Enter SIMTask parallelism. We can do some data mining on the tree to rearrange it in memory so that the same type of node is next to others of the same type. For example, we can collapse the webpage into a prefix tree and use that to have a different layout in memory: now the same types of nodes are next to each other physically. Because of the task parallelism (with some minor compiler trickery), we can actually run the code in this same rearranged order! For example, in a shopping cart, where each shopping cart item is a complicated subtree, but the subtrees are the same across items (just changing what picture, what text, etc.), all of the link nodes will be next to each other in memory, as will text, as will paragraph formatting, etc. SIMD instructions can be then used!
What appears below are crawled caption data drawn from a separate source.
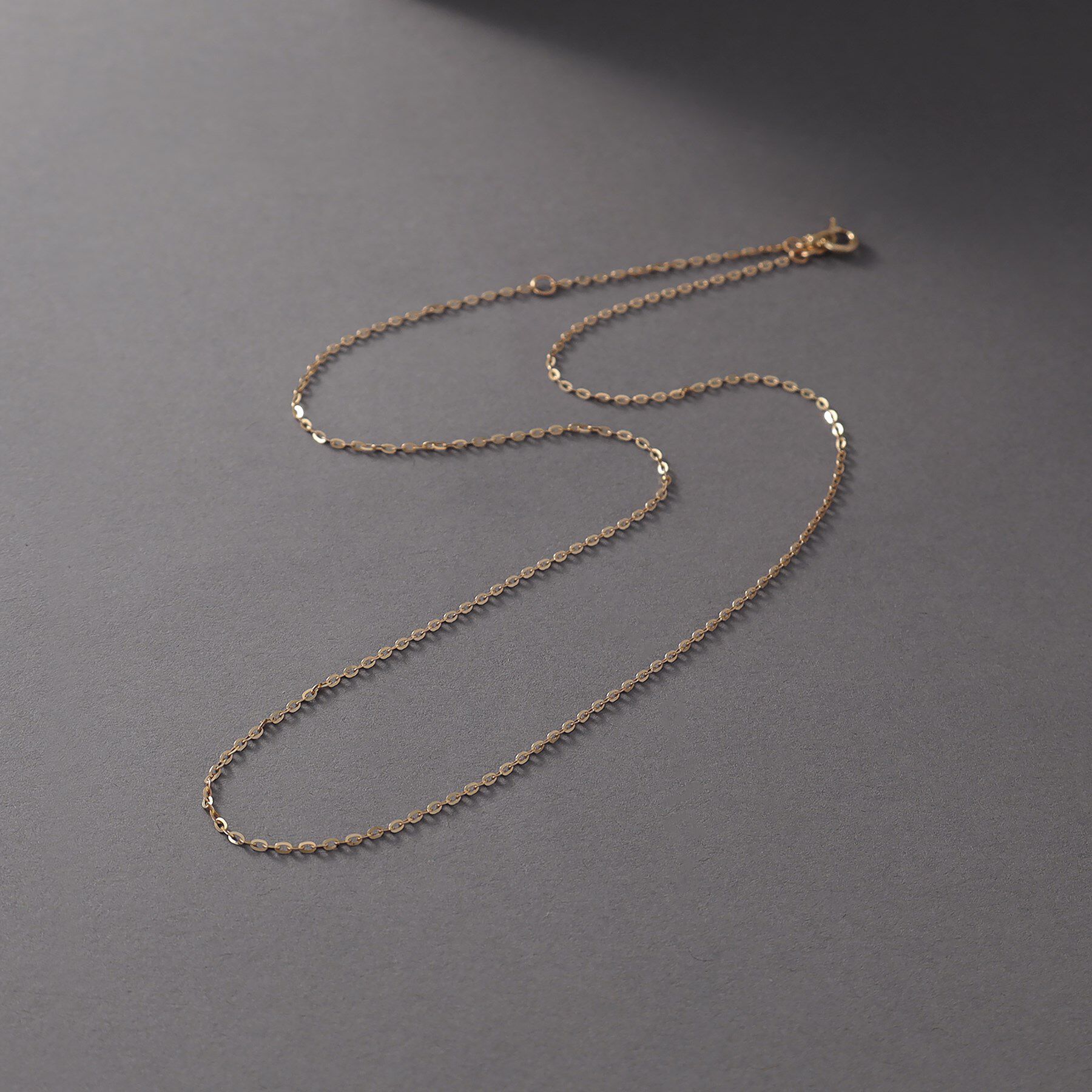 COCOSHNIK ONKITSCH「K10スキニーネックレス フラッシュケーブル」|ネックレス|イエローゴールド(1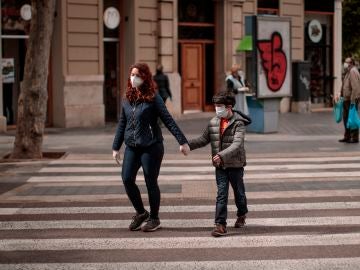 Una mujer acompañada de un niño cruza una calle en Valencia Una mujer acompañada de un niño cruza una calle en Valencia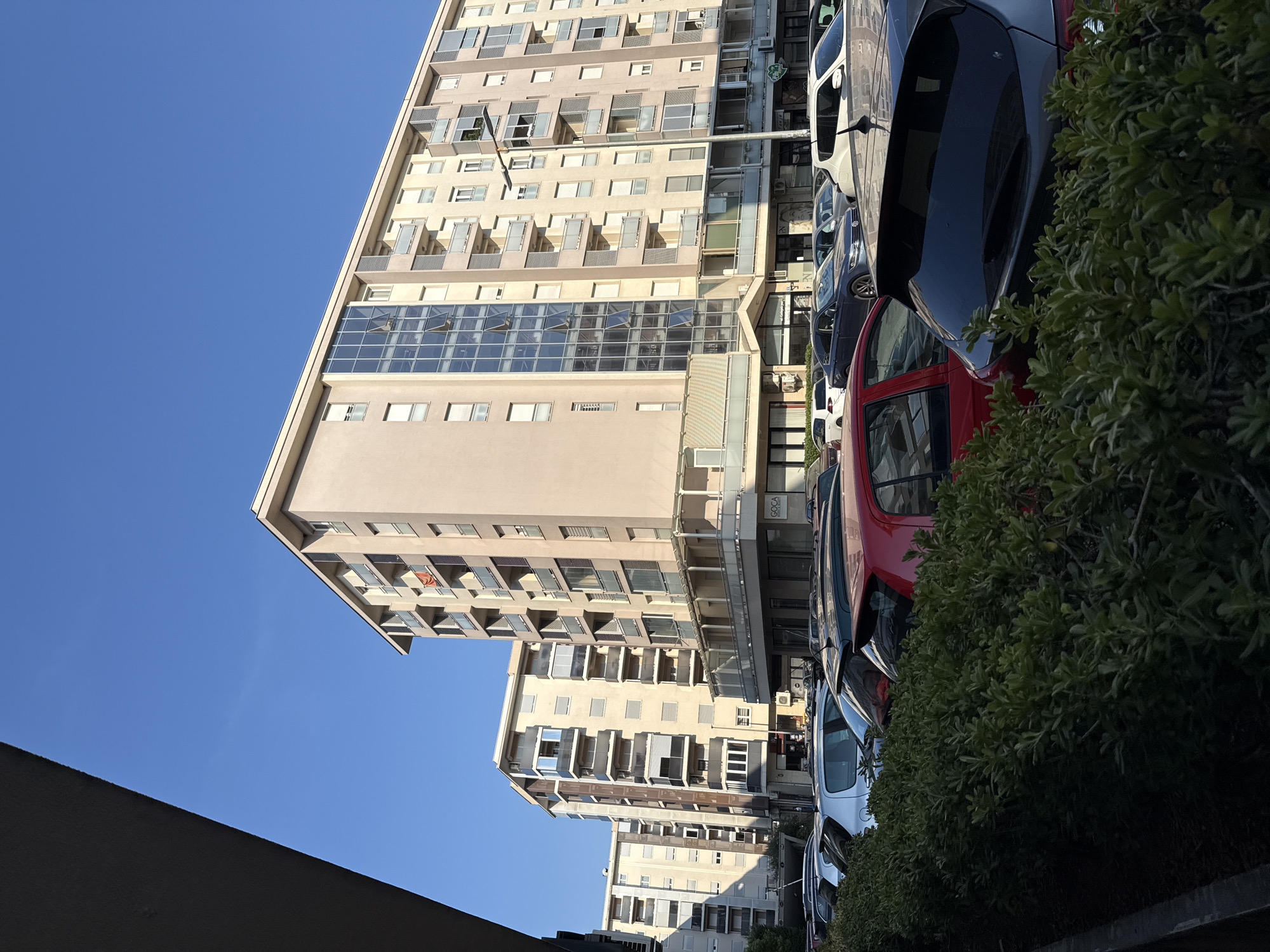 In a city setting, a row of parked cars is visible in front of several residential buildings under a clear blue sky. A lush green hedge runs along the foreground, partially obscuring the cars. The buildings are multi-story apartment complexes with numerous balconies and windows, indicative of an urban residential area. The sunlight casts shadows on the ground, suggesting it is daytime. There are no people visible in the frame. The cars are of various colors and models, parked in a lot or on a street. The scene appears to be a typical urban environment.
Anyways, we just submitted a fun vision paper about this. If you take a step back, what we're really saying is that task parallel code often isn't just good for multicores: with smarter frameworks and compilers, we can hope for exploiting some regularity in the task structure to get better memory effects (e.g., from flattening) and even potentially scale down the parallelism to use SIMD evaluation (including better branch prediction)! This is a big departure from current lightweight task parallel frameworks like Cilk/TBB, that, outside of some stack representation trickery, are really about lightweight runtimes and not heavy yet powerful code transformations.
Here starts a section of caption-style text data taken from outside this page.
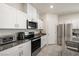 Modern kitchen with stainless steel appliances and granite countertops at 74 Wildcat Ave, Pahrump, NV 89060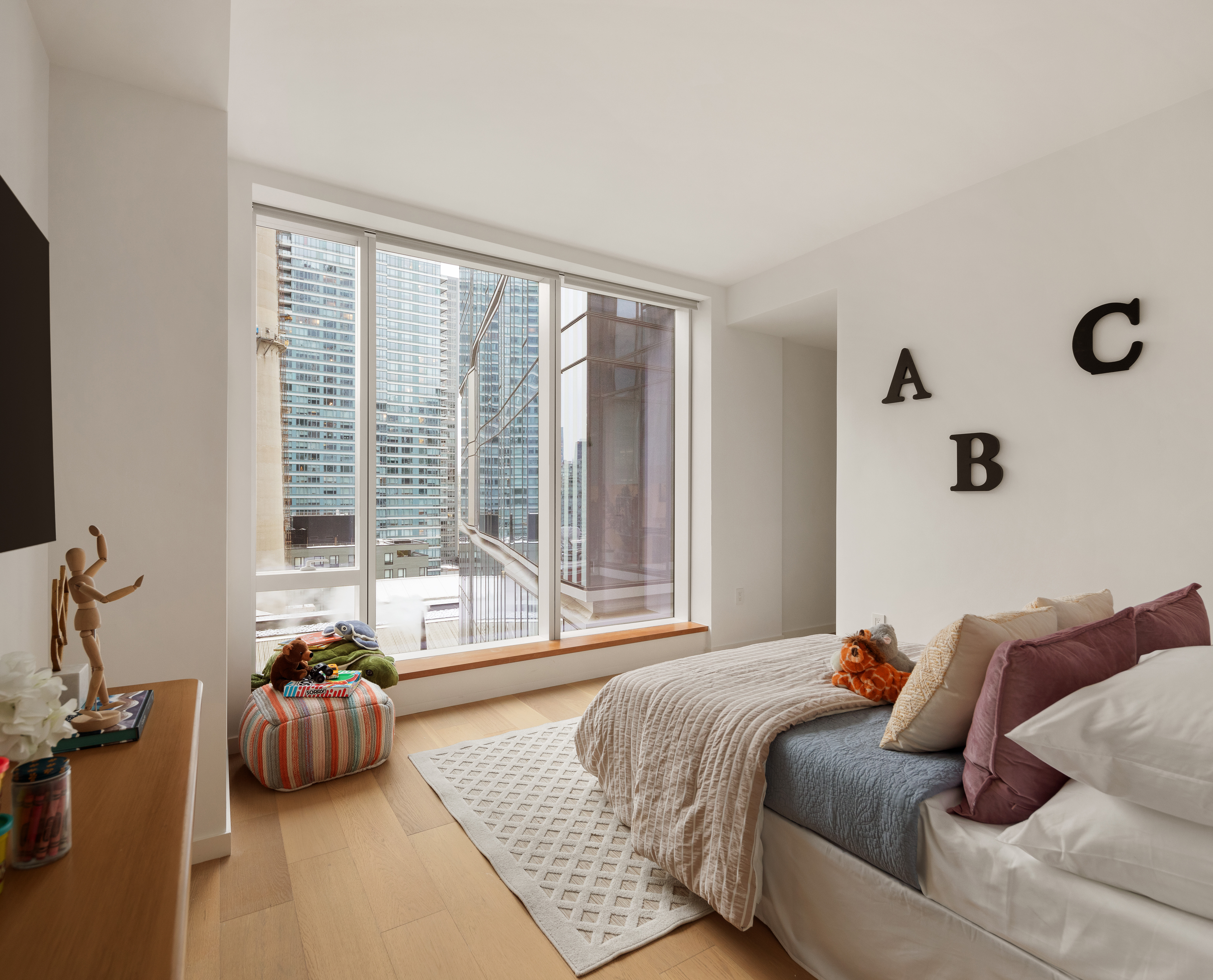 1 West End Avenue, Unit 12D Manhattan, NY 10023 - Photo 11 of 32 a bedroom with furniture and a large window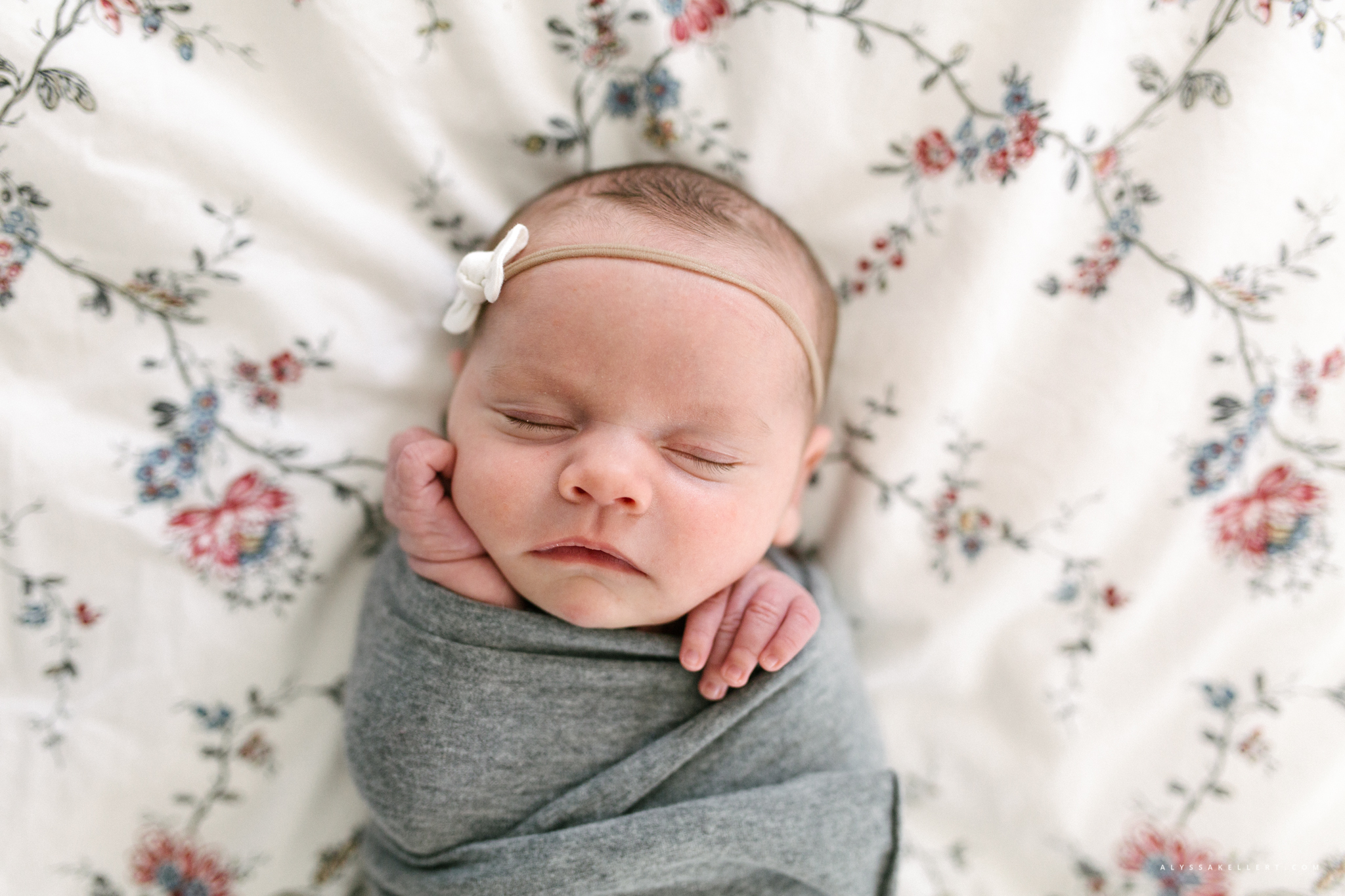 looking down on baby girl lying on parents bed during photography session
Finally, if you're familiar with modern GPU architecture, this may sound familiar. Modern GPUs use something called a SIMThread model, which is somewhere between vector and threaded ones. Threads get bundled, and for the convergent threads in a bundle (i.e., branching the same way), you get parallel/vector execution. SIMThread = Same Instruction, Multiple Threads. SIMTasks are like that, but more software managed: SIMTasks are to SIMThreads as threads are to SIMThreads. Likewise, vectors < SIMThreads < threads, and reductions/scans < SIMTasks < tasks. Doing SIMTasks introduces a pretty interesting world of optimization; I did some neat tricks with memory layouts and even found opportunities for memoization across SIMTasks that you wouldn't get in normal tasks (in CSS, at least). If you haven't picked up on it now, SIMTask = Same Instruction, Multiple Tasks.

Should be able to put the paper out in a couple months either way. I'd like to report on the full results of the CSS side of things, but we didn't really fit that into this writeup and am not sure when we can (a bit more work to do, can use more automation, and deserves its own writeup -- maybe if we fit it into the Berkeley browser we'll be able to). Story of my life :)
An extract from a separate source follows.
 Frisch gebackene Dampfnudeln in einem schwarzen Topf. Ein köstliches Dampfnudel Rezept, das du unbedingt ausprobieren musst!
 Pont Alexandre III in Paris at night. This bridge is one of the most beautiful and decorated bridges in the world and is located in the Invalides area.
ConLangs: Constructed Languages
A little more fun, I was browsing a bookstore and found a book about the rise of inventing languages: In the Land of Invented Languages. However, with maybe one exception, these weren't about languages for instructing computers: these are about languages for communicating between humans. We all know Esparanto and Klingon, and maybe even Hildegard's and Tolkein's (Tolkein made the elves' language, including their derivation, before the books!), but there have been symbol languages adopted for the deaf, and, even earlier, language invention was almost a gentleman's pursuit.

One was particularly fun: Laadan, a language from a woman's perspective. It stole a bit from Navajo, but apparently also has some novelties predicting some modern security and HCI research: for the grammar, terms are affixed both with emotion and source of authority!

I was really interested in the book as part of my "socio-PLT" kick (sociological approach to programming language theory): how is adopting Klingon or Logjam different from adopting brainfuck or Haskell?